AUTHOR=Zhang Yong , Chen Xiangxiang , Wang Yuan , Li Ling , Ju Qing , Zhang Yan , Xi Hangtian , Wang Fahan , Qiu Dan , Liu Xingchen , Chang Ning , Zhang Weiqi , Zhang Cong , Wang Ke , Li Ling , Zhang Jian TITLE=Alterations of lower respiratory tract microbiome and short-chain fatty acids in different segments in lung cancer: a multiomics analysis JOURNAL=Frontiers in Cellular and Infection Microbiology VOLUME=13 YEAR=2023 URL=https://www.frontiersin.org/journals/cellular-and-infection-microbiology/articles/10.3389/fcimb.2023.1261284 DOI=10.3389/fcimb.2023.1261284 ISSN=2235-2988 ABSTRACT=Introduction

The lower respiratory tract microbiome is widely studied to pinpoint microbial dysbiosis of diversity or abundance that is linked to a number of chronic respiratory illnesses. However, it is vital to clarify how the microbiome, through the release of microbial metabolites, impacts lung health and oncogenesis.

Methods

In order to discover the powerful correlations between microbial metabolites and disease, we collected, under electronic bronchoscopy examinations, samples of paired bronchoalveolar lavage fluids (BALFs) from tumor-burden lung segments and ipsilateral non-tumor sites from 28 lung cancer participants, further performing metagenomic sequencing, short-chain fatty acid (SCFA) metabolomics, and multiomics analysis to uncover the potential correlations of the microbiome and SCFAs in lung cancer.

Results

In comparison to BALFs from normal lung segments of the same participant, those from lung cancer burden lung segments had slightly decreased microbial diversity in the lower respiratory tract.

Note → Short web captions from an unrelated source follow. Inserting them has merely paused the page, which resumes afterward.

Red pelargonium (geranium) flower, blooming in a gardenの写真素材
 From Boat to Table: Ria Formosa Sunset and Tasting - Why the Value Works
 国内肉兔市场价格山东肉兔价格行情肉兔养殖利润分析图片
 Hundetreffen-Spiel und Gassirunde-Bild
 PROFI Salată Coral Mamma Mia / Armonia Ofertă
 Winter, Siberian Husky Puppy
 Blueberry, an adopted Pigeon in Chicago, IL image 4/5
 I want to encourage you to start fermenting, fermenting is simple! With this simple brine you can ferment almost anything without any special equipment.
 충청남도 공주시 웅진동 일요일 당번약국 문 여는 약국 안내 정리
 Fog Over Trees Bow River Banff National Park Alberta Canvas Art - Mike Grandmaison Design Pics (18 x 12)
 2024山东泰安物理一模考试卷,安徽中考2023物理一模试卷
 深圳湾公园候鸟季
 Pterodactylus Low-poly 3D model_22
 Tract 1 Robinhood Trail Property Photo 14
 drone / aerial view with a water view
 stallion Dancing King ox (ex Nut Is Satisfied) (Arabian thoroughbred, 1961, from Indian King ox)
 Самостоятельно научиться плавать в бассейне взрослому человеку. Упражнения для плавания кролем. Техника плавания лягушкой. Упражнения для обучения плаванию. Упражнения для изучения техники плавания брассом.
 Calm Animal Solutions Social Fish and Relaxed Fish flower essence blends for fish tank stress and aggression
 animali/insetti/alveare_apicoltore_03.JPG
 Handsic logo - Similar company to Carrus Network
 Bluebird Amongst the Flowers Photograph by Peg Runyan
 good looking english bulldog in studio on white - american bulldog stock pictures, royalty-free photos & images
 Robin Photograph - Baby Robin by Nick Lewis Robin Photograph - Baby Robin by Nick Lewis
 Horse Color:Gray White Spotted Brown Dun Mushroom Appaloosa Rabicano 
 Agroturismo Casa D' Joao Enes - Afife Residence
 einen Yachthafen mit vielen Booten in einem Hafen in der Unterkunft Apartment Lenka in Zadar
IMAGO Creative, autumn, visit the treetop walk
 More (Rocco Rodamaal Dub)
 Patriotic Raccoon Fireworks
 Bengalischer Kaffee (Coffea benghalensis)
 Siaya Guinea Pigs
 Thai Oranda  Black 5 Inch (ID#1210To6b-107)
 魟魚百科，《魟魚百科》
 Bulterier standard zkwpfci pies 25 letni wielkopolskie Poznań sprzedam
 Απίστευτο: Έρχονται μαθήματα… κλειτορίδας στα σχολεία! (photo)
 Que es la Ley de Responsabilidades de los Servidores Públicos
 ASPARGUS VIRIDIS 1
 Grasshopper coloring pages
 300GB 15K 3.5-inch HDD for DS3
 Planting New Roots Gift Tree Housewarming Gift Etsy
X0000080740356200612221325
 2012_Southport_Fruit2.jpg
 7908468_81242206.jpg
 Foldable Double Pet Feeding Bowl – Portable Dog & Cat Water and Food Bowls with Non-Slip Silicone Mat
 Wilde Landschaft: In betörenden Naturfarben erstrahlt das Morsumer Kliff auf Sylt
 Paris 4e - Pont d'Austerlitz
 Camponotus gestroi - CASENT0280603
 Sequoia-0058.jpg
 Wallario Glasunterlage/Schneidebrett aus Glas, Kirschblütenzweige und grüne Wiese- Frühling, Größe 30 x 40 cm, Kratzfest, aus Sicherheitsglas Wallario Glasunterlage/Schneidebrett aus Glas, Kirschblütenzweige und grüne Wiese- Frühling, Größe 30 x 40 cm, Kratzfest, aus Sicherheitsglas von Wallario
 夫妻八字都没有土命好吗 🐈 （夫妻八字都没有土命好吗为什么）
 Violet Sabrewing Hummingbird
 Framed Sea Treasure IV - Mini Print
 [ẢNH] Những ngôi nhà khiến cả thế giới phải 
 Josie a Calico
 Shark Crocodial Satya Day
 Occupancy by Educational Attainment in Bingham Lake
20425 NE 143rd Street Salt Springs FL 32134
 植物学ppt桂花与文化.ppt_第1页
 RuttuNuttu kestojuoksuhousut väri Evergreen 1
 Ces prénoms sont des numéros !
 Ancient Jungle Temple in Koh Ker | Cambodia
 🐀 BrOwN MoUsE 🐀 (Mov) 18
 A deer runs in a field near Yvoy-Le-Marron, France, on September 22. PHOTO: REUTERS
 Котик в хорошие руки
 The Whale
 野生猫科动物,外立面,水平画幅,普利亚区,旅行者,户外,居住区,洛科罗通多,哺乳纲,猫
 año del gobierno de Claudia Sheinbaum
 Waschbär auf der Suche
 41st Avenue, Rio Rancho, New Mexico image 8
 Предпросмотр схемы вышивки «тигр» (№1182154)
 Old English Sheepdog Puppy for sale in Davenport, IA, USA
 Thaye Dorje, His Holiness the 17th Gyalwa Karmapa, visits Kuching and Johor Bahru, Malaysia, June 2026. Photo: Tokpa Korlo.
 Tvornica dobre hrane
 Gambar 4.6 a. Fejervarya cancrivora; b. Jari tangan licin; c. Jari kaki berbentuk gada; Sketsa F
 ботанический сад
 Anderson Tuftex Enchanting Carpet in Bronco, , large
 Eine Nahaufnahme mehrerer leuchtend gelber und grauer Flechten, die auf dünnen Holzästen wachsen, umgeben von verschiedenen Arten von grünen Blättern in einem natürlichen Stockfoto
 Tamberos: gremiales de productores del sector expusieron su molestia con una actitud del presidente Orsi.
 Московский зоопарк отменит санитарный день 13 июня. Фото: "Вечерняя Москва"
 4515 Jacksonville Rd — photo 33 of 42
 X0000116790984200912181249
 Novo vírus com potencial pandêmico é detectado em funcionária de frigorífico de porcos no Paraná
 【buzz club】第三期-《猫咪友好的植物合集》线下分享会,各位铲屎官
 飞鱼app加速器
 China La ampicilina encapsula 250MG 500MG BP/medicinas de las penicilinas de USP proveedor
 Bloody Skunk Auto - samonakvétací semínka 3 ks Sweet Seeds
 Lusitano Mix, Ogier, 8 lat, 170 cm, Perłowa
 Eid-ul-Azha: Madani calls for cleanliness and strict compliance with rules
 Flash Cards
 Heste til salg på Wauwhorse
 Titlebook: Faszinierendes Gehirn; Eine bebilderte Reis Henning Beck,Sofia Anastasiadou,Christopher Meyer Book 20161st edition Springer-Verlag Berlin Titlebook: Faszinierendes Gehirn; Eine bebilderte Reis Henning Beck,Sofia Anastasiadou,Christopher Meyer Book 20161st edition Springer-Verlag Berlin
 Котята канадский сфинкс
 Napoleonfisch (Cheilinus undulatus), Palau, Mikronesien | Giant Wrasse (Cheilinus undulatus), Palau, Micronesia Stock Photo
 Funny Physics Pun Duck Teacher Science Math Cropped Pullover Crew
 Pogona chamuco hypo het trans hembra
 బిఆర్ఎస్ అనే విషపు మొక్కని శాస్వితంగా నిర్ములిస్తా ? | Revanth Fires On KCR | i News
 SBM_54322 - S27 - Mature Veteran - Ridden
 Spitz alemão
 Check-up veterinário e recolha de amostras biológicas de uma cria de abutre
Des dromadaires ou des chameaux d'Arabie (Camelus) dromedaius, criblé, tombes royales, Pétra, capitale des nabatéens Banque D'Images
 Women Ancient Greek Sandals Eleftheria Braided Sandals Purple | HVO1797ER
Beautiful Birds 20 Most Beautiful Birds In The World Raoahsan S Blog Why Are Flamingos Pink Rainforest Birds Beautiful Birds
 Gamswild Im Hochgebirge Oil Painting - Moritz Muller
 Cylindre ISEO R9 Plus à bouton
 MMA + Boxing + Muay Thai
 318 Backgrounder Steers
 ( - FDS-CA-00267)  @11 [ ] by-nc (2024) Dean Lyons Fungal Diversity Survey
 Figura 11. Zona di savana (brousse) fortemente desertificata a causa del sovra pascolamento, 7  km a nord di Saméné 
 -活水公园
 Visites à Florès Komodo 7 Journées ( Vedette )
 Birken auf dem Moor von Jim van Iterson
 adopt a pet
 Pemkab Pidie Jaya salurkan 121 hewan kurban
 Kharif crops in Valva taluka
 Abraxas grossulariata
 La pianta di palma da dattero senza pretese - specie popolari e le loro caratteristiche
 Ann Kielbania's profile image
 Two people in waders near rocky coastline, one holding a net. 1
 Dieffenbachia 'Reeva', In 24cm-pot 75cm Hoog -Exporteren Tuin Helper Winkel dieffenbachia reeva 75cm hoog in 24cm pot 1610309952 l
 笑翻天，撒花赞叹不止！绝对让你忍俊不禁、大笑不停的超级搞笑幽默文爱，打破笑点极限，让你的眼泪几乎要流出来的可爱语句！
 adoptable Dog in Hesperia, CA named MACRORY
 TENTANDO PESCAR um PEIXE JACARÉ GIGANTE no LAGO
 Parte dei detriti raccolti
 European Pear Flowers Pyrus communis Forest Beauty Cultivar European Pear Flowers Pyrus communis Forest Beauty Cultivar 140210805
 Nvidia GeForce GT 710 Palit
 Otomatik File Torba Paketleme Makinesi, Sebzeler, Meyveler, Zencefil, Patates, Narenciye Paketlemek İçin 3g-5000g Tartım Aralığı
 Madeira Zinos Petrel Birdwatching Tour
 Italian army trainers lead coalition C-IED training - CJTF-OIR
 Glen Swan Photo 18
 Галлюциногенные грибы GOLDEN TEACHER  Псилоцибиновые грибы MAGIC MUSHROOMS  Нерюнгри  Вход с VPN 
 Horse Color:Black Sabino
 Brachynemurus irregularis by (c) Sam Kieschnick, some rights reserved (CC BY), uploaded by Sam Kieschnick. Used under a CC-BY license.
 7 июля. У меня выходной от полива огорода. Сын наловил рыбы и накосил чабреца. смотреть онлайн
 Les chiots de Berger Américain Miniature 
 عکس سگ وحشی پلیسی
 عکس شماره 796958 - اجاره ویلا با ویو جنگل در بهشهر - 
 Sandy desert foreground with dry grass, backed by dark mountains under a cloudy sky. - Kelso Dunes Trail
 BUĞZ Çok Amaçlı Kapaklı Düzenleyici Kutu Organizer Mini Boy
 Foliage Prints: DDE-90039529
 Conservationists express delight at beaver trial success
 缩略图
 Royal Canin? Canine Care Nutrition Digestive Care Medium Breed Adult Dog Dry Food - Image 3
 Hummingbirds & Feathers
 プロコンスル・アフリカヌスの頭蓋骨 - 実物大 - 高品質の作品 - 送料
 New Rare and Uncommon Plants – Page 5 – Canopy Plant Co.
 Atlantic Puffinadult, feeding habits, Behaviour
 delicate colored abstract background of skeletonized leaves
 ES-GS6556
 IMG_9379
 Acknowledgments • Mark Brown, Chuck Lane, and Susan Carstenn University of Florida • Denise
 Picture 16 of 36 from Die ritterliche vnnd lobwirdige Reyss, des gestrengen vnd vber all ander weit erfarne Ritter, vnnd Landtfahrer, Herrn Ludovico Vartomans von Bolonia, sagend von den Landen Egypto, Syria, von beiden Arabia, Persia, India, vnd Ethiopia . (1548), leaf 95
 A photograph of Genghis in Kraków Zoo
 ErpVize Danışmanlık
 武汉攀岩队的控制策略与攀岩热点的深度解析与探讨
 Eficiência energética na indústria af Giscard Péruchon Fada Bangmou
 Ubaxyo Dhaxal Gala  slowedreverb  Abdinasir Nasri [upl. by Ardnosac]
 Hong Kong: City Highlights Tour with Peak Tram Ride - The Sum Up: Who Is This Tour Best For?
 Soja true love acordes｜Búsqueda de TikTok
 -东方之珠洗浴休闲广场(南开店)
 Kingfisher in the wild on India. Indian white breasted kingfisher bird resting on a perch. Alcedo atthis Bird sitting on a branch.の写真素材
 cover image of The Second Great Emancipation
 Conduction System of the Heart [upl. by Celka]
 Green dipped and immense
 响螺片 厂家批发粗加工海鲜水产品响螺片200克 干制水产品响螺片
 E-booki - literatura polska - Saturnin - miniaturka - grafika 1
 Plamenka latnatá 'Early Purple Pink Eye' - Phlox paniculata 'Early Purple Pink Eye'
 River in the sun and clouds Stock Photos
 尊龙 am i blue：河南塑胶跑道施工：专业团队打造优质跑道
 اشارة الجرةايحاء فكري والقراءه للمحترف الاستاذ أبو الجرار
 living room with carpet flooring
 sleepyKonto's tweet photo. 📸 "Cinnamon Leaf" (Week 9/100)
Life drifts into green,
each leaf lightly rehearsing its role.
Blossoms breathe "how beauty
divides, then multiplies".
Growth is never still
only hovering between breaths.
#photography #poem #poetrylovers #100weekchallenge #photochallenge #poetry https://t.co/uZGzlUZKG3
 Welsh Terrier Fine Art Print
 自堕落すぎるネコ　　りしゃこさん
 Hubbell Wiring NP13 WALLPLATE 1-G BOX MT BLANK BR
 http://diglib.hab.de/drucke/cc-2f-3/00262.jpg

With 18 differentially prevalent microbial species, including the well-known carcinogens Campylobacter jejuni and Nesseria polysaccharea, the relative species abundance in the lower respiratory tract microbiome did not significantly differ between the two groups. Additionally, a collection of commonly recognized probiotic metabolites called short-chain fatty acids showed little significance in either group independently but revealed a strong predictive value when using an integrated model by machine learning. Multiomics also discovered particular species related to SCFAs, showing a positive correlation with Brachyspira hydrosenteriae and a negative one with Pseudomonas at the genus level, despite limited detection in lower airways. Of note, these distinct microbiota and metabolites corresponded with clinical traits that still required confirmation.

Conclusions

Further analysis of metagenome functional capacity revealed that genes encoding environmental information processing and metabolism pathways were enriched in the lower respiratory tract metagenomes of lung cancer patients, further supporting the oncogenesis function of various microbial species by different metabolites. These findings point to a potent relationship between particular components of the integrated microbiota-metabolites network and lung cancer, with implications for screening and diagnosis in clinical settings.